What's important to note is that because the spiders won't be redirected,
there'll be no redirection for them to detect and, hence, no penalization.

2. "Hijacked" domains don't relate to cloaking at all and, frankly, the rationale
of your mentioning them within this context simply beats me. "Hijacking
domains" (a very rare occurrence in any case) may be many things but it's
certainly not "cloaking"!

3. Ever and again you'll find orphaned domains which used to be ranked (well
or not) when still active being taken over by a new proprietor. Typically, the
traffic they continue to generate will be redirected to some other target site,
be it infinitely (in which case it's a sort of parasitic traffic gobbling behavior
on the part of the new registrants or buyers but quite legit) or for a limited
time until the new domain owners have put their own proprietary content up.
This may account for at least part of the phenomenon you're describing.

Note that there's lots of inactive domains still being blithely listed with
Yahoo! (and in ODP) and hunting them out to pick up their traffic via
re-registration has turned into quite a cottage industry in its own right ...

4. Domains can disappear from search engine indices for tons of reasons, but
when analyzing the actual causes it's certainly not helpful to always
assume "cloaking" as the first and prime suspect. (Not saying that you did,
but it's a fairly common gut level response, usually with people who don't
know the least bit about cloaking in the first place. This is very much akin to
the "Here be dragons" maps of yore and more often than not just as
mythical ...)
The chances of losing a professionally crafted cloaked domain in a search
engine index, while technically quite real, are, in actual practice, extremely
remote. There's lots of reasons for this I won't bore you with here, but if
you'd like to discuss it at any length, perhaps you'd want to set up a new
thread. Thus, any professional analysis will assign the possibility of cloaking
being the cause a fairly low priority.

5. "Phony cache": sorry, but there simply ain't no such animal! A search
engine's cache is a snapshot of what the search engine spider has actually
crawled ("seen and stored", you might say). And the cache is what the
search engine ranking mechanism will normally take for a basis, though many
other factors will be added on top of the onsite criteria.
The only way a webmaster or -mistress can change cached content is by
setting up new content and having the spider crawl and reindex it - in
which case, again, it wouldn't be "phony".

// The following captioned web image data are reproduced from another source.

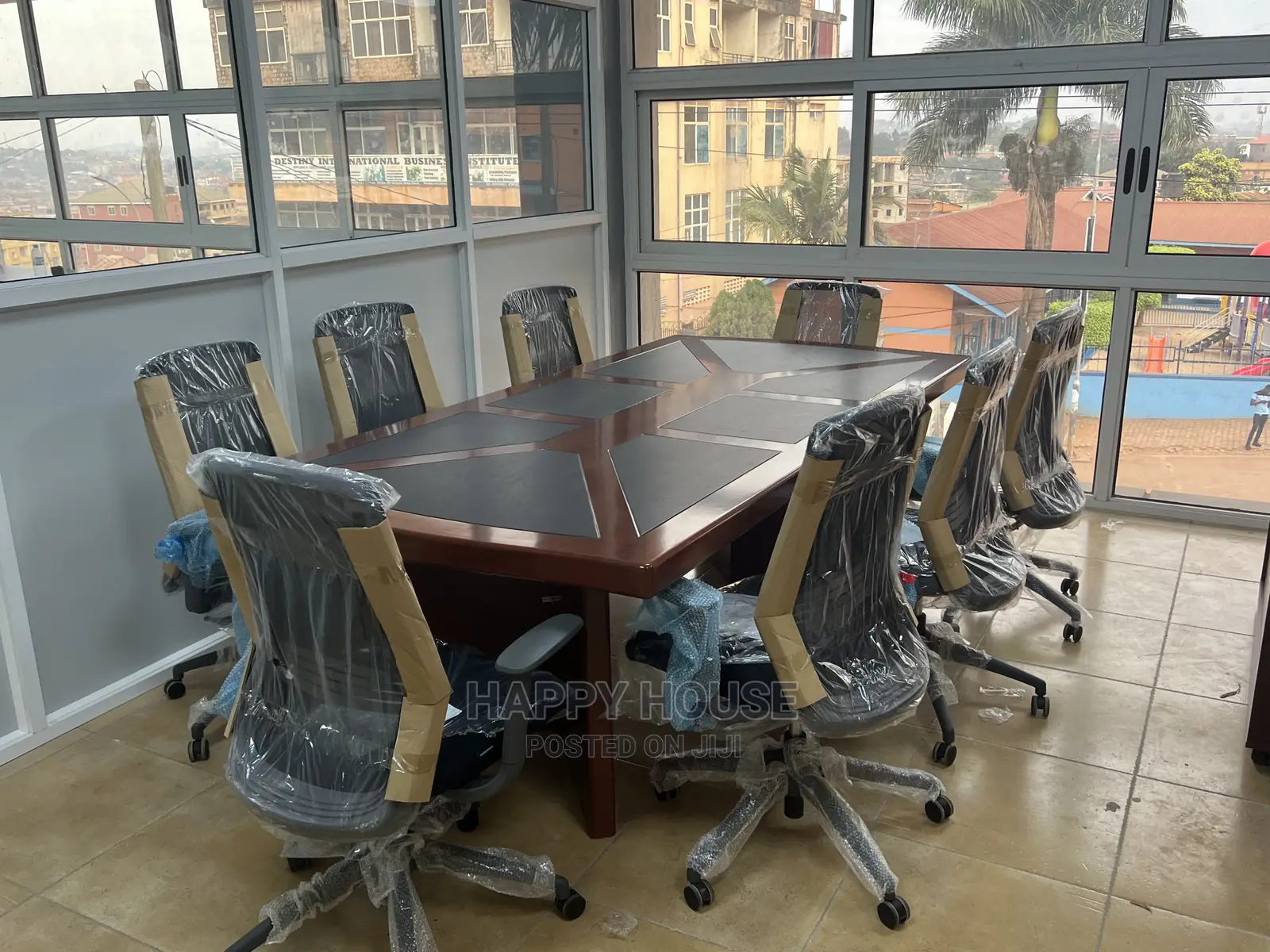 Boardroom Table and 8 Chairs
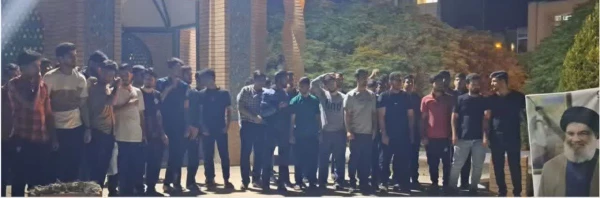️تجمع دانشجویان دانشگاه فرهنگیان کرمان در حمایت از عملیات وعده صادق ۲ 3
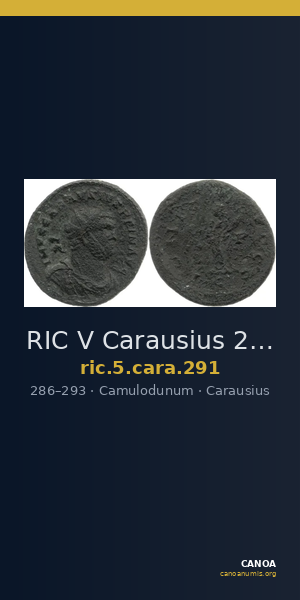 RIC V Carausius 291 — CANOA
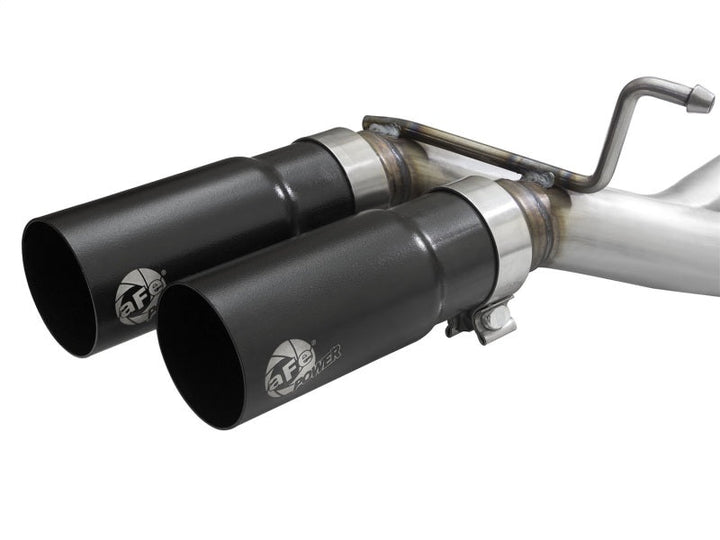 aFe Rebel Exhausts 3in SS Cat-Back 15-16 Ford F-150 EcoBoost V6 2.7/3.5L V8 5.0L w/ Black Tips - Premium Catback from aFe - Just 3948.51 SR! Shop now at Motors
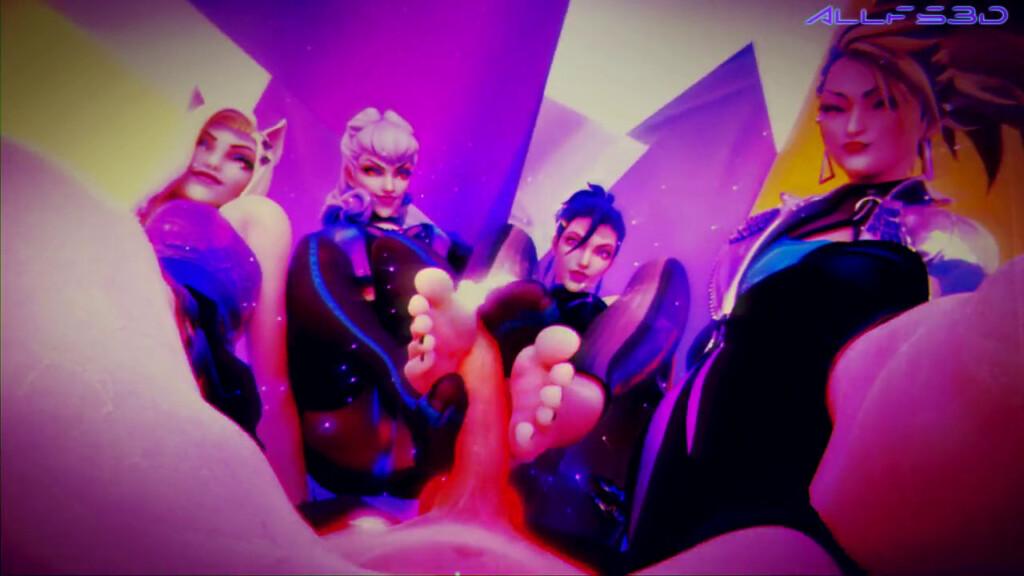 KDA's feet heaven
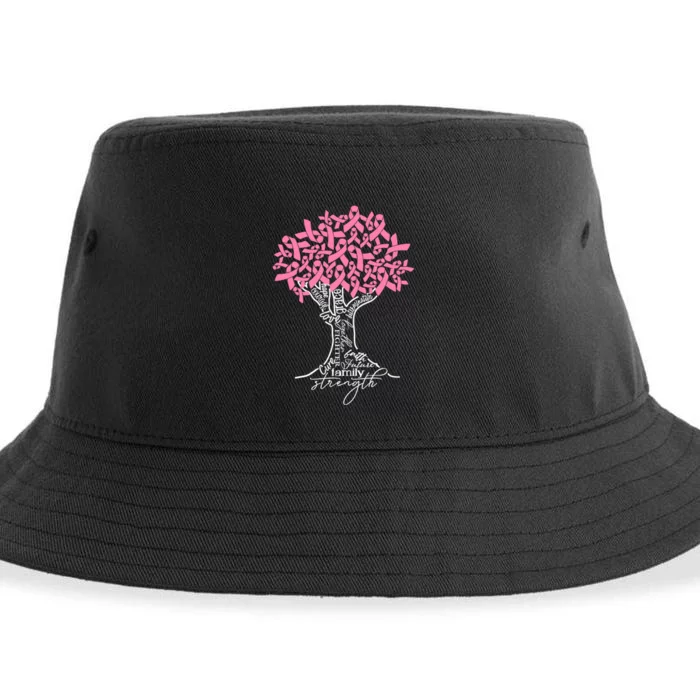 Pink Ribbon Tree Breast Cancer Fighter Breast Cancer Awareness Cancer Sustainable Bucket Hat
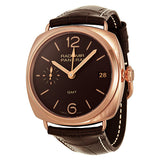 Panerai Radiomir GMT Brown Dial 18kt Rose Gold Brown Alligator Leather Men's Watch #PAM00421 - Watches of America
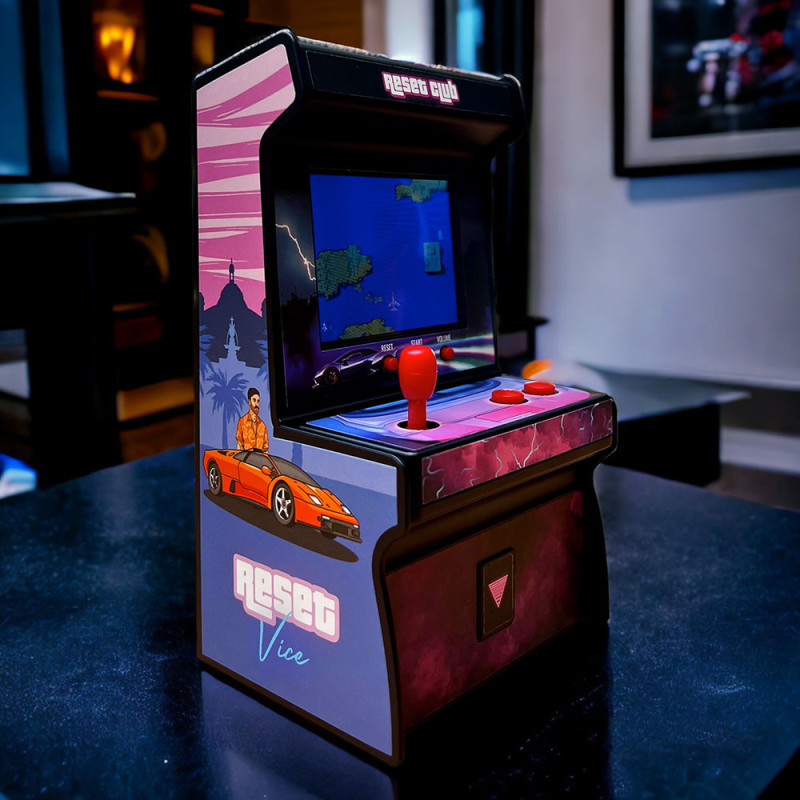 Mini Borne Arcade Reset Club - 200 Jeux Rétro 8 bits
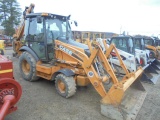 Case 580 Super N Backhoe, Cab w/ Heat & AC, 4wd, Extendahoe, Case Controls,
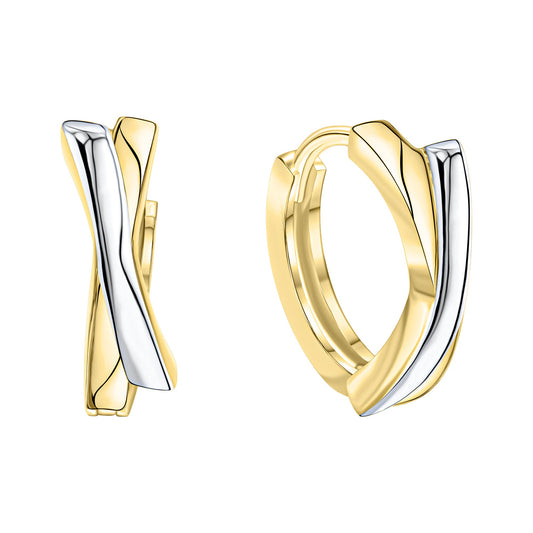 Creolen aus 375/- Gelbgold bicolor glanz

However, there's methods of redirecting searchers who take a peek at the
SERP's cache.
This can be (and is being) done for lots of reasons, all of them quite
legitimate. Here's only three of them:
a) caching tends to break up relative links on a web page which may botch
up navigation, proper display of graphics, etc.;
b) the page content is copyright protected so the search engine has no right
in the world to store and use (display) it within another environment (frames,
SE tag in the header, etc.) without the copyright holder's express
permission;
3) a cache may be quite dated, depending on the search engine's indexing
cycle, so you wouldn't want the searcher to be confused by obsolete
information, etc. etc.

Last edited by fantomaster : 10-14-2004 at 02:24 AM. Reason: Edited some typos + ommissions.